Daily Press

Boeing 737 Max back in air after 20 months

- By Diane Jeantet

RIO DE JANEIRO — Commercial flights with Boeing 737 Max jetliners resumed Wednesday for the first time since they were grounded worldwide following two deadly accidents nearly two years ago.

Brazil’s Gol Airlines became the first in the world to return the planes to its active fleet, using a 737 MAX 8 on a flight from Sao Paulo to Porto Alegre, according to flightrada­r24.com.

Gol is set to start regular service Dec. 18, according to aviation data firm Cirium, with several daily flights between Sao Paulo and other major Brazilian cities.

Customers will be able to exchange their tickets if they don’t want to fly on a 737 Max, a Gol spokespers­on told The Associated Press in an email.

Gol, the country’s largest airline with 36 million passengers annually, owns seven 737 Max aircraft, according to Cirium.

It is the only Brazilian company with the model in its fleet.

The Boeing plane was grounded globally in March 2019, shortly after a 737 Max crashed in Ethiopia.

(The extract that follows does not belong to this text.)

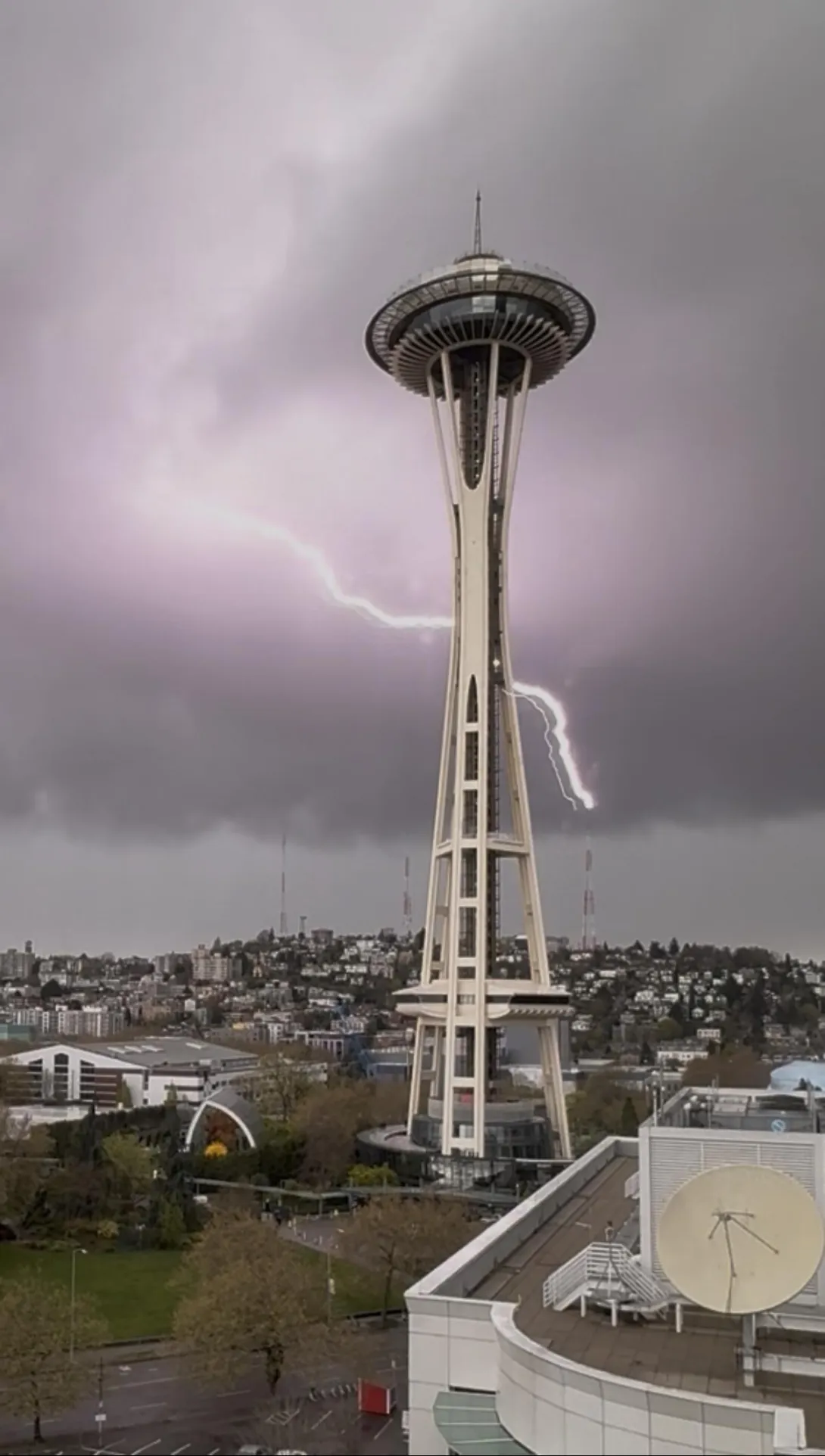 Space Needle and Lightning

A prior crash in Indonesia involving the model occurred in October 2018.

In all, 346 people died.

Brazil’s aviation regulator lifted its restrictio­ns on the 737 Max in November, clearing the way for the plane to resume flights in Latin America’s biggest country.

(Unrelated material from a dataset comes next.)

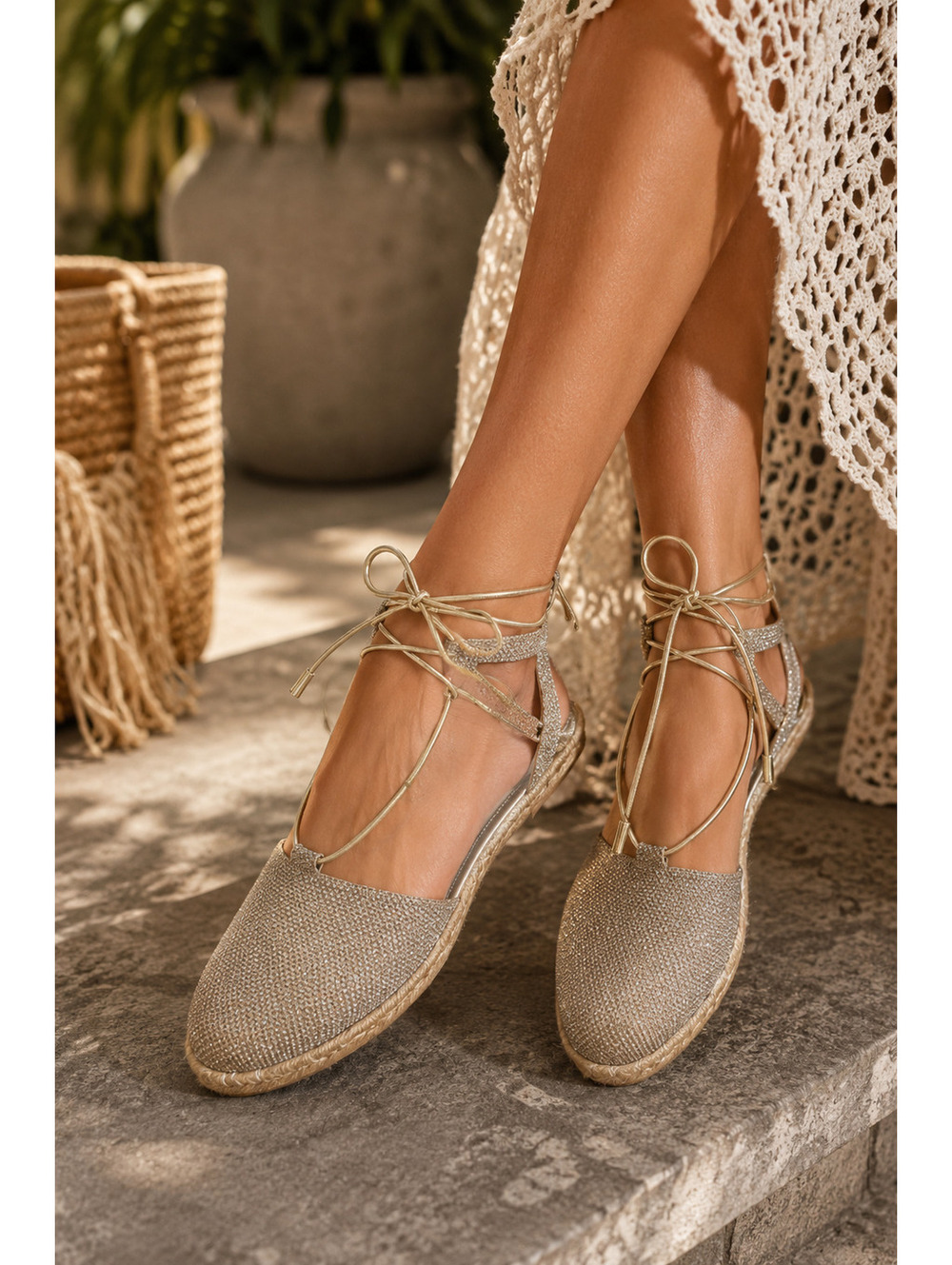 Stewart Weitzman Metallic Lace-Up Espadrille Booties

Similar restrictio­ns have been lifted in the U.S. and Europe, where commercial airline flights with the plane are expected to resume soon, likely starting Dec. 29 with American Airlines.

“The MAX is one of the most efficient aircraft in aviation history and the only one to undergo a complete recertific­ation process,” Gol CEO Paulo Kakinoff said in a statement this week.